The disaster at Fukushima clearly illustrated that storage of spent fuel rods in cooling pools is dangerous. When the cooling pool lost water in one of the reactor building, the rods burst into flame and burned down the building. Hueckel says that spent nuclear fuel should be stored at least a quarter of a mile beneath the Earth’s surface.
Countries that use nuclear power have been working on designs for decades for deep underground repositories for spent nuclear fuel. Many of the features of such designs are similar. In these designs, a vertical shaft opens on an underground cavern full of separated chambers. The walls of the chambers are lined with bentonite clay or other types of crushed rocks. Cracks between the materials in the linings are then filled in with clay and spayed with water to form a sealed lining.

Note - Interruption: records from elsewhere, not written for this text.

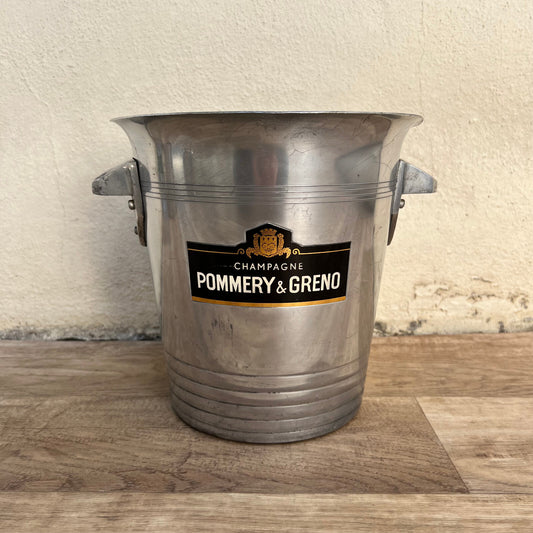 French Champagne Bucket Pommery Greno Aluminum Ice Cooler Vintage 1809221 Fleamarketfrance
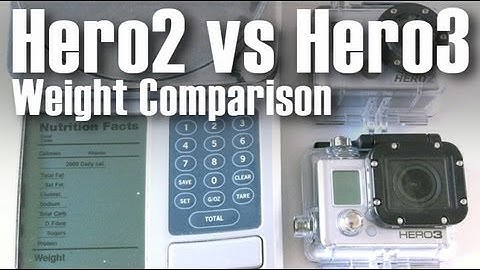 GoPro Hero2 vs Hero3 Black Weight Difference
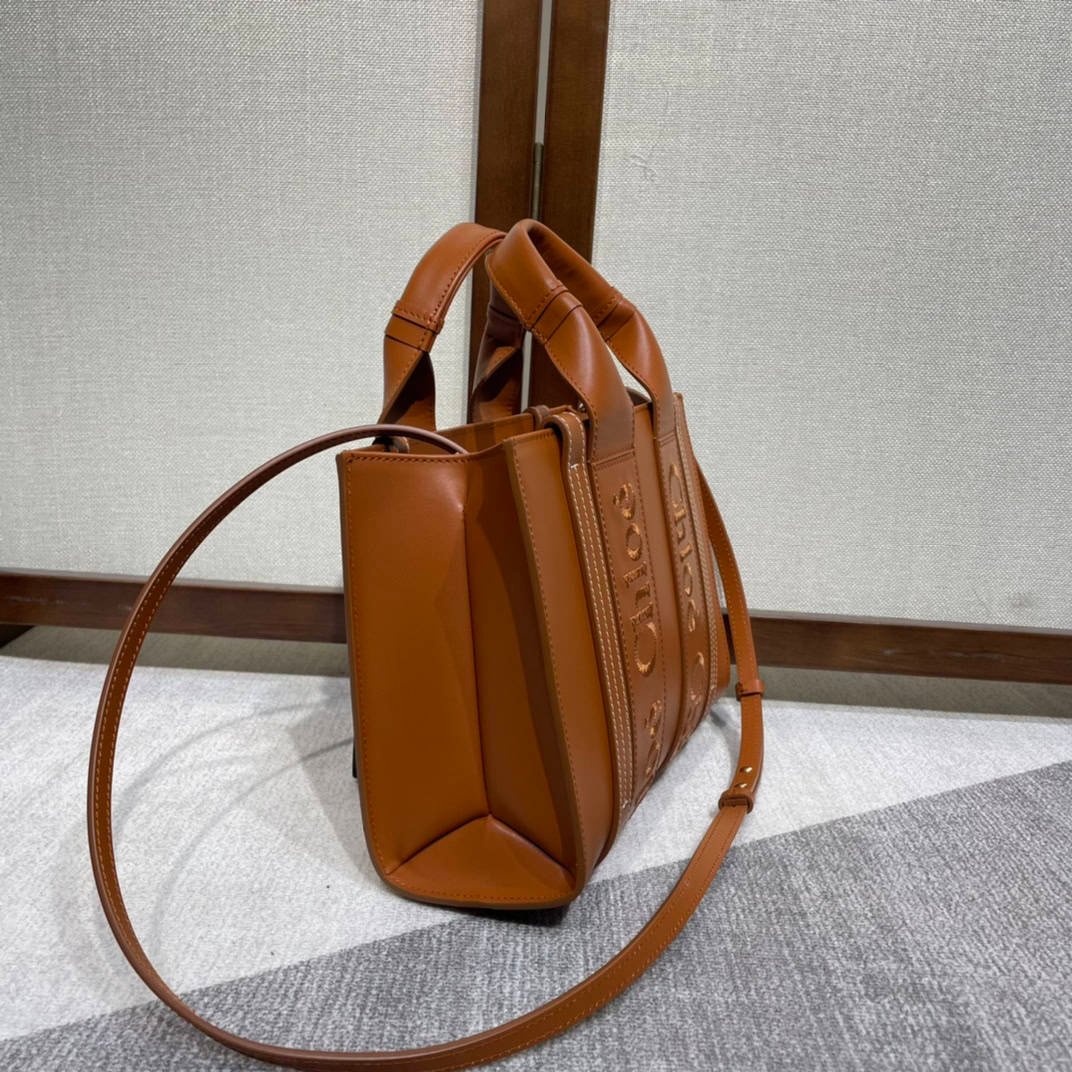 Chloe 22S Woody Large Tote Bag - Brown 11713 | Sandra Bags - Image 5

The waste is placed in dry casks and each cask is then inserted into a single chamber which is sealed with multiple barriers to prevent access by human beings or leaks that could allow the radioactive material to migrate out of the storage facility. While some test facilities have been dug, there is no major functioning facility anywhere in the world yet for spent nuclear fuel. The U.S. will not have such a national geological repository until at least 2050.
While this sounds like an excellent system to isolate spent nuclear fuel for thousands of years, Hueckel says that the steady emission of heat by the spent nuclear fuel rods has a deleterious effect on the rock around the repository. The rock may dry, crack and disintegrate, removing the solid barrier around the waste and allowing it to migrate into the ecosystem. Other geological processes might adversely impact the repository such as corroding the material used to construct the dry casks or changing the chemical composition of the clay in the walls.
Hueckel said, “With the new grant, we are charged with understanding how temperature and pressure contribute to drying and cracking in the planned repository, and what kinds of remedies we can.”
One way to improve the integrity of the walls of the repositories is to incorporate fibers into the clay used to seal the walls. This is an ancient technique which utilized animal hair to improve the strength of construction materials. Hueckel will experiment with nano- or micro-sized fibers of various materials. He will also investigate designs that increase the probability of the formation of shear cracking as opposed to tensile cracking. He says, “In many places where you see inclined cracks in materials, like in an iceberg, the two surfaces slide past one another—but they don't open up. It could reduce the potential for radionuclide migration.”